As Cozinhas Solidárias como política de combate à fome e à pobreza

Há um elemento primordial nesta forma de organização popular: a construção de redes comunitárias entre campo e cidade

Brasil de Fato | Rio de Janeiro (RJ) |
As cozinhas solidárias funcionam organizadas por núcleos, onde os voluntários atuam preparando e entregando as marmitas - Foto: Maiara Rauber

Os últimos anos foram caracterizados por um cenário de generalização do empobrecimento de milhões de famílias de trabalhadores que foram atingidas pela quase completa ausência de programas e políticas sociais que garantissem condições mínimas para sua sobrevivência.
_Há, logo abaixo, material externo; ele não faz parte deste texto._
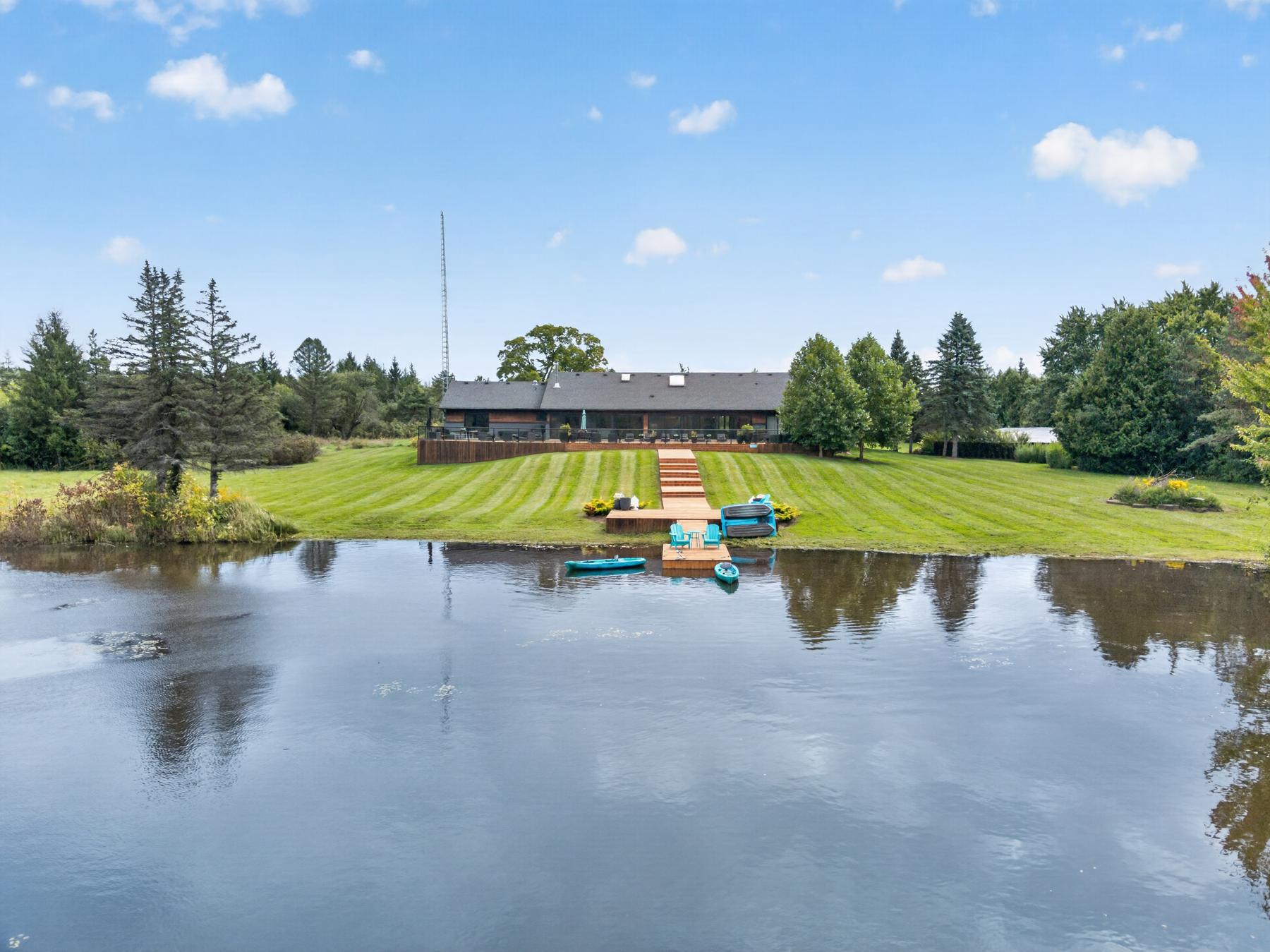 The lake at 985 Valens Road, looking back to the house and dock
O espalhamento da fome como expressão mais grave da pobreza no Brasil foi consequência de seis anos de redirecionamento do Estado para o atendimento de uma agenda política e econômica de acumulação de riquezas para aqueles que escolheram enriquecer ao custo da pobreza, da miséria, da fome, e muitas vezes – como ficou claro durante os períodos mais agudos da pandemia de Covid-19 – da vida de muitos milhares de nós.

Atravessado o período de maior tensão da transição governamental, soluções para reconstruir e reparar as vidas das famílias empobrecidas têm sido extraídas da sociedade civil para o campo governamental. Exemplo mais claro disso é o Projeto de Lei (PL), iniciativa do parlamentar Guilherme Boulos, do Partido Socialismo e Liberdade (PSOL-SP), para que as Cozinhas Solidárias sejam implementadas a nível nacional, enquanto um dos pilares dos programas sociais de combate à fome no país.  
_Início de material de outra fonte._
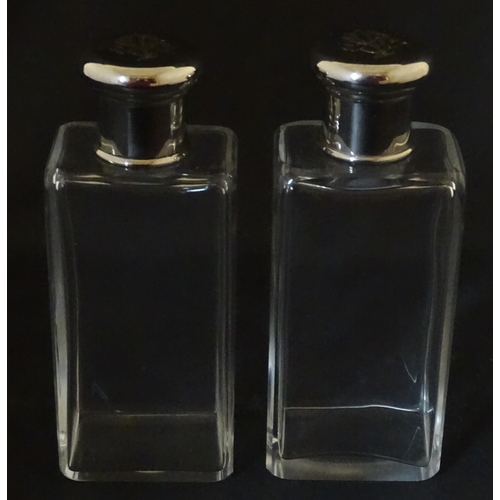 1080 - A cased pair of 20thC glass scent bottles / perfume flasks with glass stoppers and silver plate lids... 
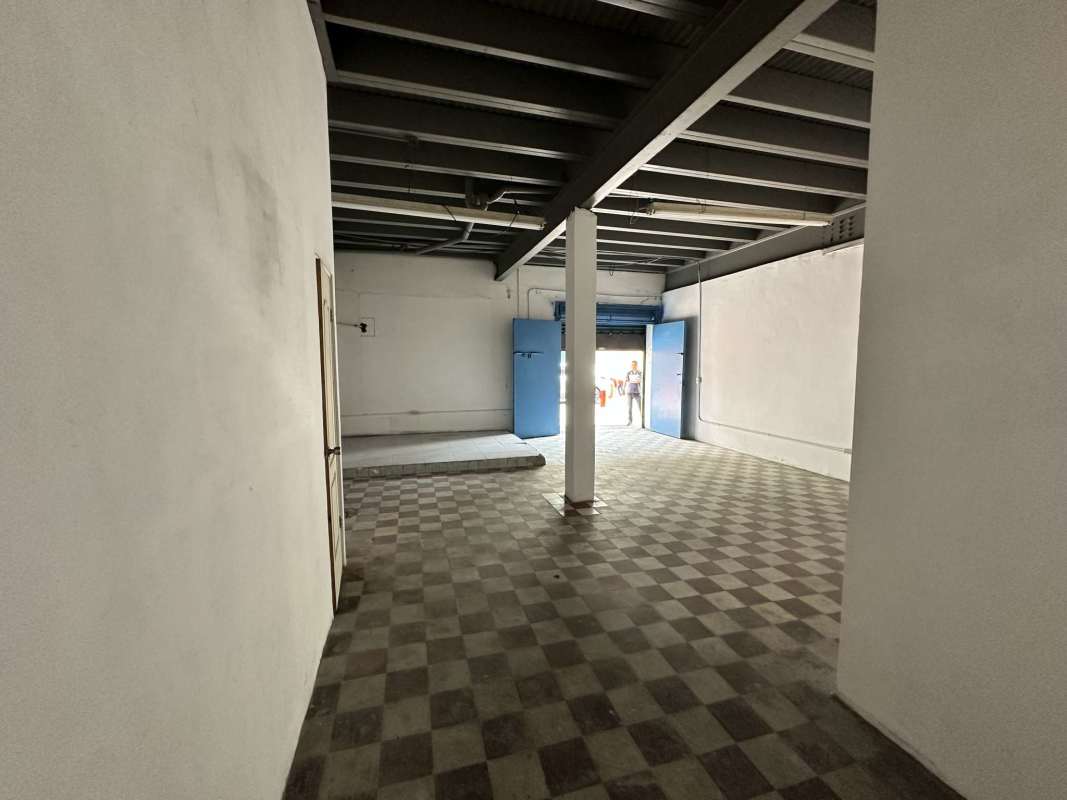 Industrial warehouse interior with tile floors large doorway beams colonial style Panama City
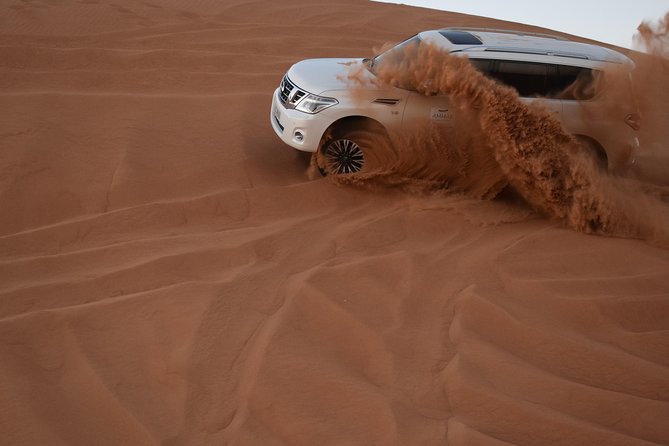 Dune Bashing With Quad Bike and Sand Boarding From Dubai - Tour Inclusions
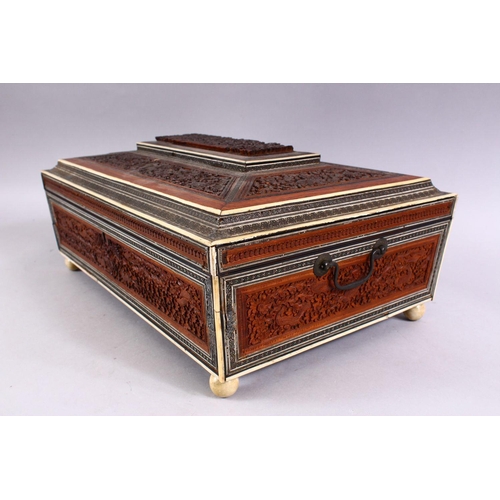 797 - A 19TH CENTURY ANGLO INDIAN INLAID LIDDED SEWING BOX, with carved wood depicting figures and animals... 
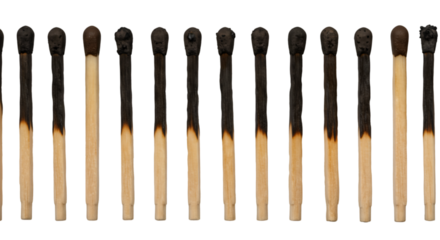 Burnt matches line against black background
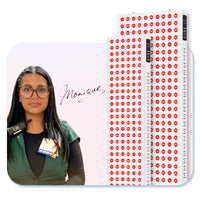 Woman with glasses and name badge next to LED red light therapy panels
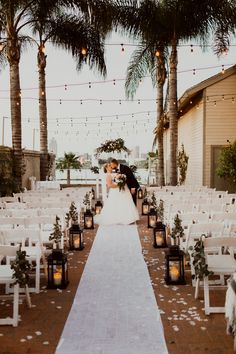 a bride and groom kissing at the end of their wedding ceremony in front of palm trees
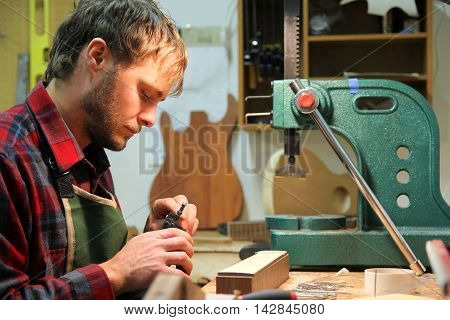 A young man in a flannel shirt is working as a luthier using tools to building a guitar in his home workshop.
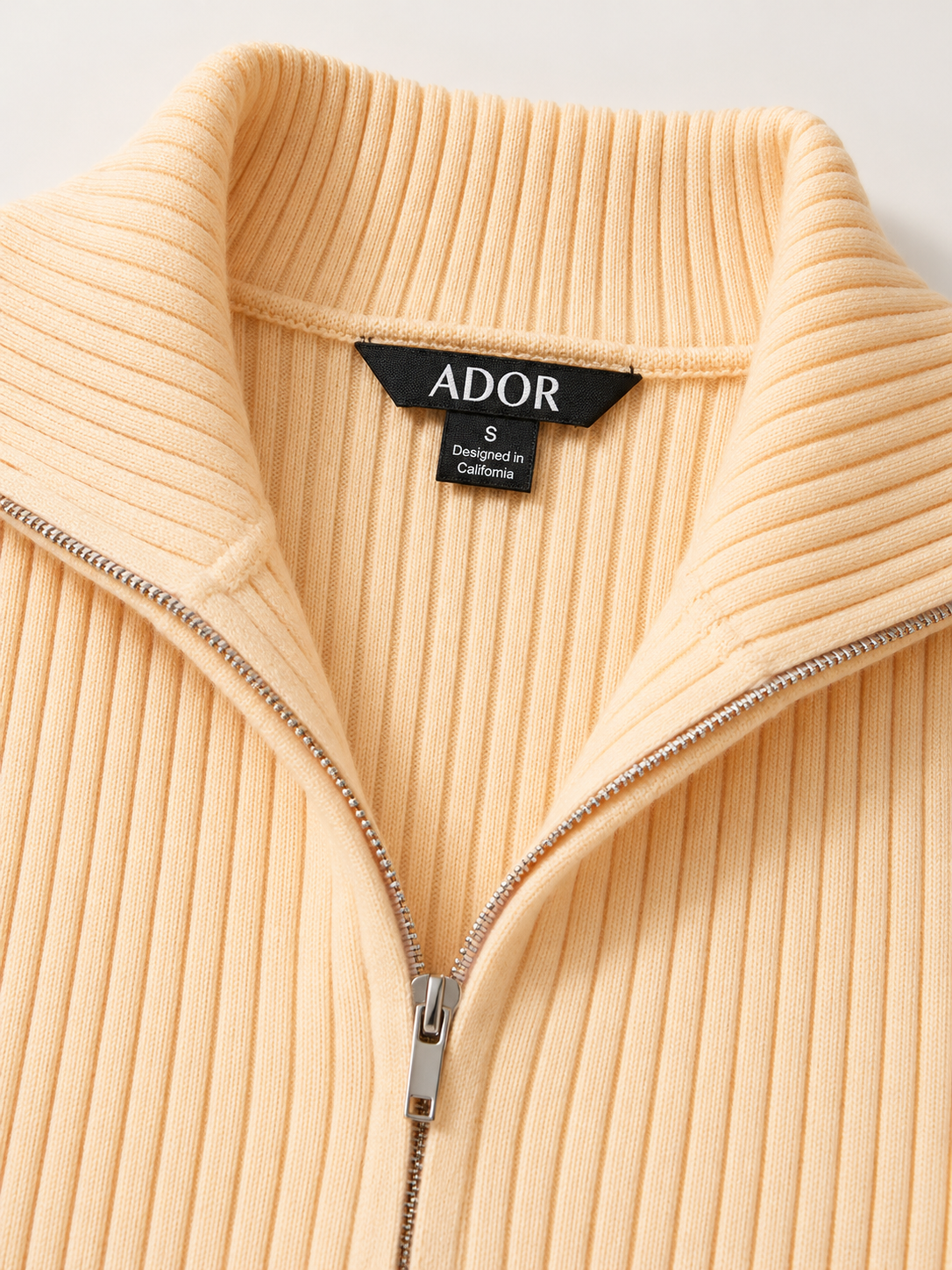 ADOR brand label detail on Yellow Modal Core Spun Yarn Zip Up Knit Cardigan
Não é exagero afirmar que estamos olhando por uma janela histórica de oportunidades para efetivar formas de combate à pobreza que redesenhem programas e políticas sociais em diálogo com as demandas da sociedade e, principalmente, com a minoração da pobreza no longo prazo. Isto porquê estamos frente a um contexto e a uma conjuntura diferentes daquela do início dos anos 2000, quando muitos dos programas sociais que haviam suportado a saída do país do Mapa da Fome foram formulados e implementados com base nas experiências populares e institucionais dos anos de 1990.  
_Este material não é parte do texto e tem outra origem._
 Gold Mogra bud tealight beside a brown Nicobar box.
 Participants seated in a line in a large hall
A janela que está aberta agora é uma que dá vista para um horizonte de experiências sociais redesenhadas por um ciclo de reformas que promoveu um tipo de desenvolvimento conectado aos Direitos Sociais à maioria da população: a exemplo do acesso ao emprego, à renda, à alimentação, à saúde e à educação. Os resultados eleitorais indicam que a memória social destas experiências, ao menos para a maioria da população, de alguma forma, segue enquanto um elemento central de expectativa de horizonte social no interior da democracia e em oposição – ainda que de forma tensionada – ao ultraneoliberalismo dos últimos quatro anos do governo do ex-presidente Jair M. Bolsonaro, do Partido Liberal, o PL.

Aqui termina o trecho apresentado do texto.